Neural Networks and Friendly Felines

Since the advent of artificial neural networks during the 1960's, researchers have been continuously trying to produce networks and models which can realistically recreate specific functions and processes of the human brain. As work in this area has progressed from simple to more complicated networks and algorithms, the idea of networks which use 'deep learning' has become fundamental in trying to achieve this goal. Deep learning is a concept used in the general area of machine learning in which observed data is assumed to be generated by the interaction of many different factors on many different levels, and in terms of artificial neural networks this normally translates to having a multi-layered non-linear network in which each level can be trained individually using differing algorithms and an algorithm such as back-propagation is then used to fine tune the network as a whole.

This method has become popular due to its potential for allowing artificial neural networks to learn high-level concepts and abstractions, a capability of the human brain which is jealously sought by AI researchers. An extremely interesting and novel example of the progress made in this area, and a great example of why there is much merit in pursuing the goal of creating networks to imitate cognitive functions is Google Brain's (a deep learning research project at Google) well known 2012 network which was tasked with the very human activity of browsing youtube for countless hours while better and more productive things probably needed to be done. This network was made up of 16,000 computer processors and involved more than one billion individual connections. This is by far one of the most ambitious networks produced so far in the world of artificial neural networks, but the most important thing is not its scale but its achievements and results.

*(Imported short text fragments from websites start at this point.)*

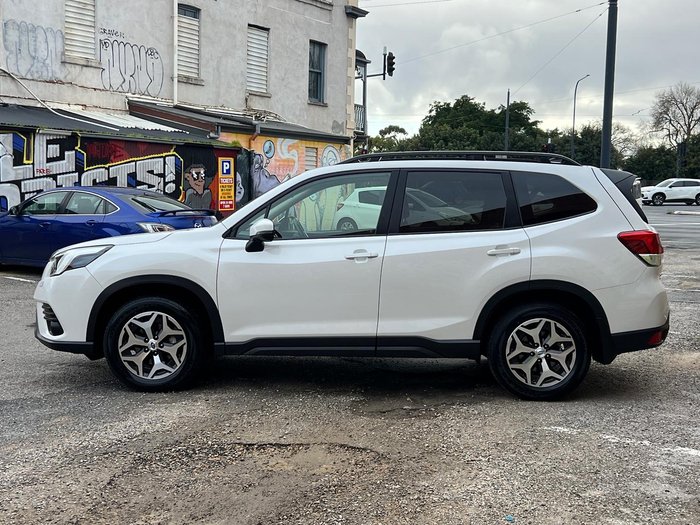 2024 Subaru Forester 2.5i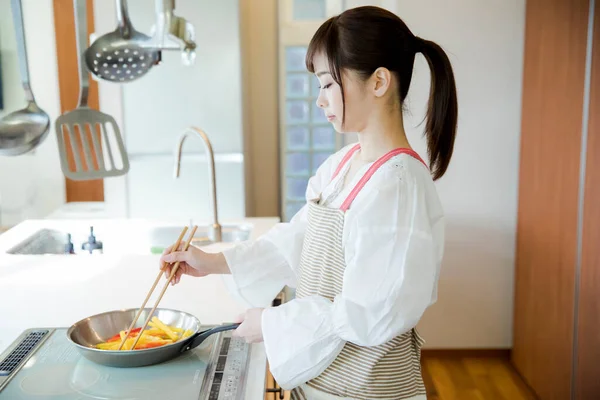 Portrét Mladé Japonské Ženy Připravující Jídlo Kuchyni — Stock fotografie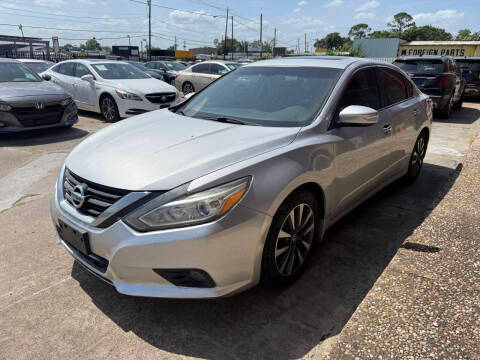 2017 Nissan Altima 2.5 SV FWD photo
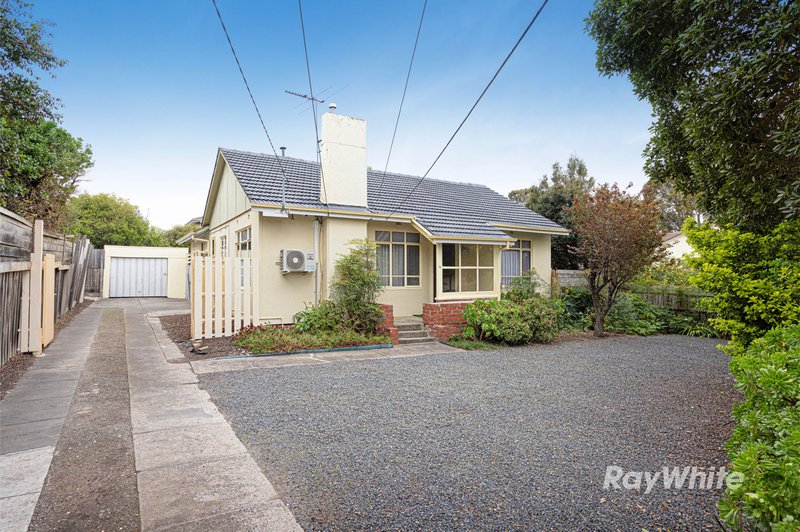 Photo - 16 Woonah Street, Chadstone VIC 3148 - Image 1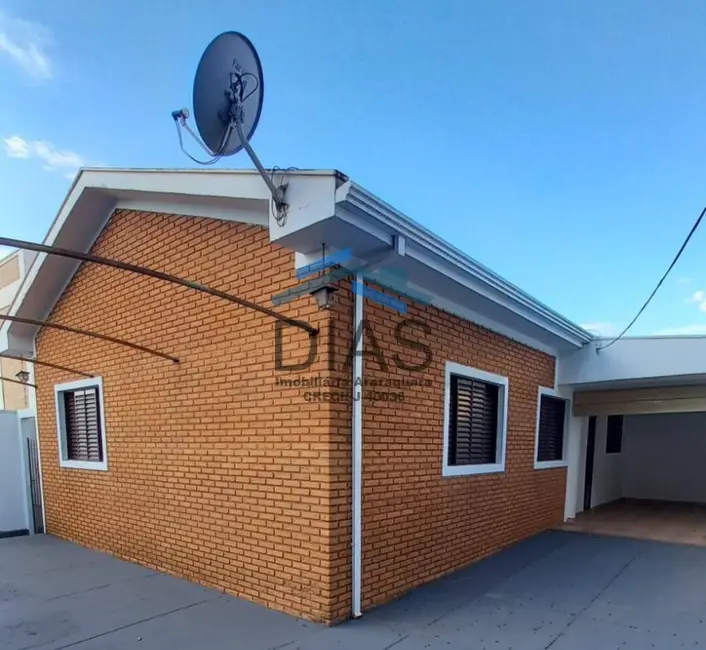 Foto 1 de Casa com 3 quartos à venda, 360m2 em Vila Harmonia, Araraquara - SP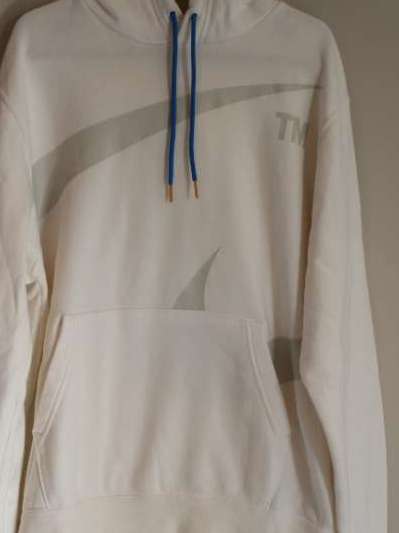 Nike hettupeysa hvít m/gráu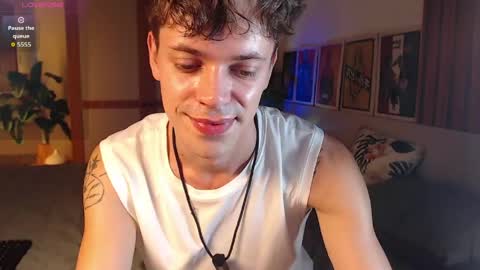 Snapshot of william_henry_a chatting on May 20, 2026, 1:17 pm William online show from May 20, 2026, 1:17 pm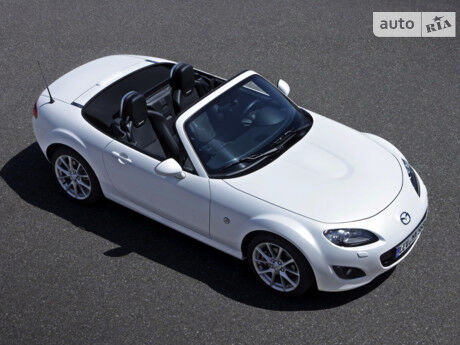 Mazda MX-5 2012 року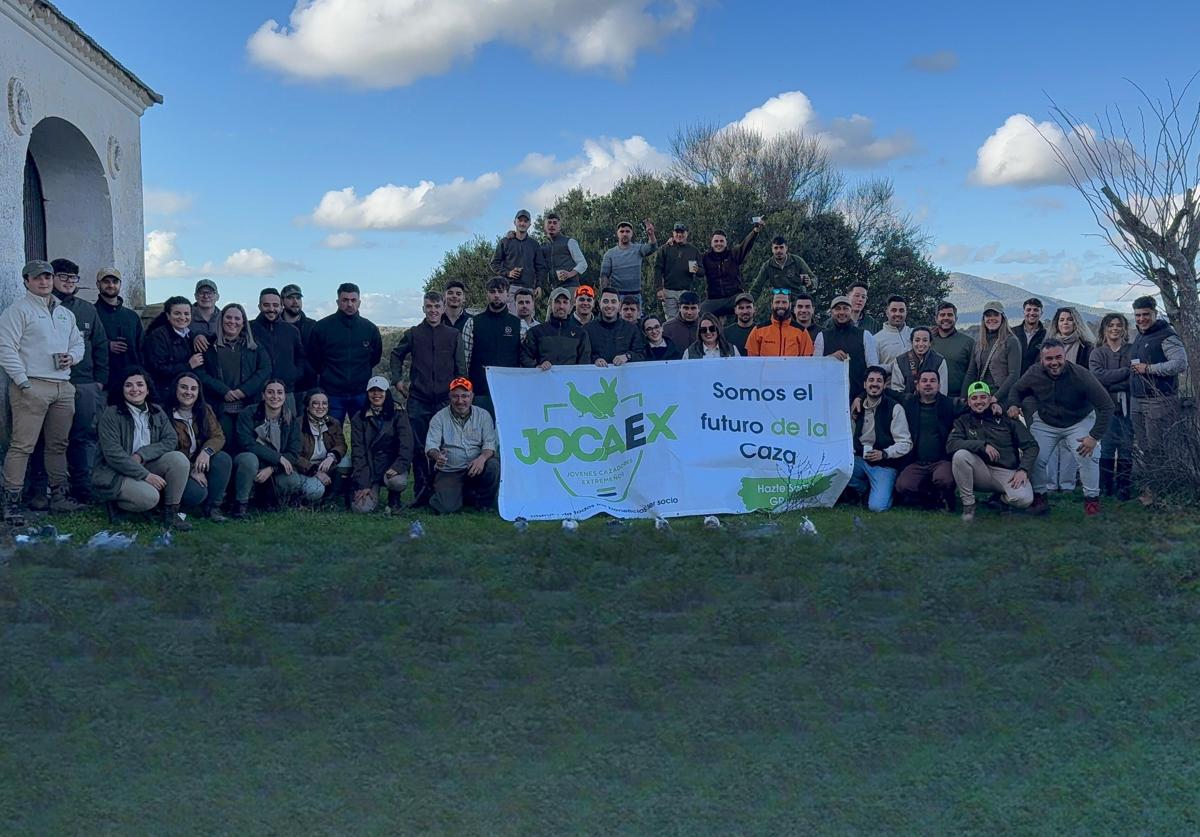 Foto de familia de los jóvenes participantes este fin de semana en la VII Tirada de Jocaex.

So after three days of training, using a data-set containing ten million images, they let the network loose on youtube to see if it could recognize and categorize features such as human bodies and faces despite the fact that during training images were not labelled so that the network would know if one actually contained a feature such as a human face. The network surpassed most of the researchers expectations in that it became proficient at recognizing and categorizing a huge range of features it had seen in the dataset, this included human faces and bodies, many inanimate objects and most notably (and somewhat predictably considering all data-set images were taken from the internet) cat faces, which were clearly not too hard to come by among the millions of uploads on the youtube.

These results represented the capabilities of modern artificial neural networks given the right resources and using the method of deep learning. Their network became a feature detector which could use unlabeled data and still accurately classify salient features into categorizes within the data-set. This, while a seemingly simple task for any ordinary person (as most humans are quite proficient at recognizing the features of such a commonly adorable creature such as a cat), is quite a hard feat for an artificial network to achieve, and as such I believe it illustrates well what progress has been made and the potential for more progress to come in this area. This deep learning technique produces networks which have results applicable to both furthering the goal of dedicated AI researchers and to advancing technologies being produced at this very moment, with Google Brain using their recognition network to advance work in facial and speech recognition devices being just one example.

I think it is good to be aware of the very real advances occurring in the connectionist world, not only to recognize the advances that are occurring in this area, but also for reassurance as a human being that it takes 16,000 individual computer processors to accomplish a task which my much smaller brain accomplishes with absolute ease and minimal effort. As I look forward to where these networks can and will most definitely go, it is never a bad thing to be reminded of the thing they are trying to emulate, and how powerful that thing can be.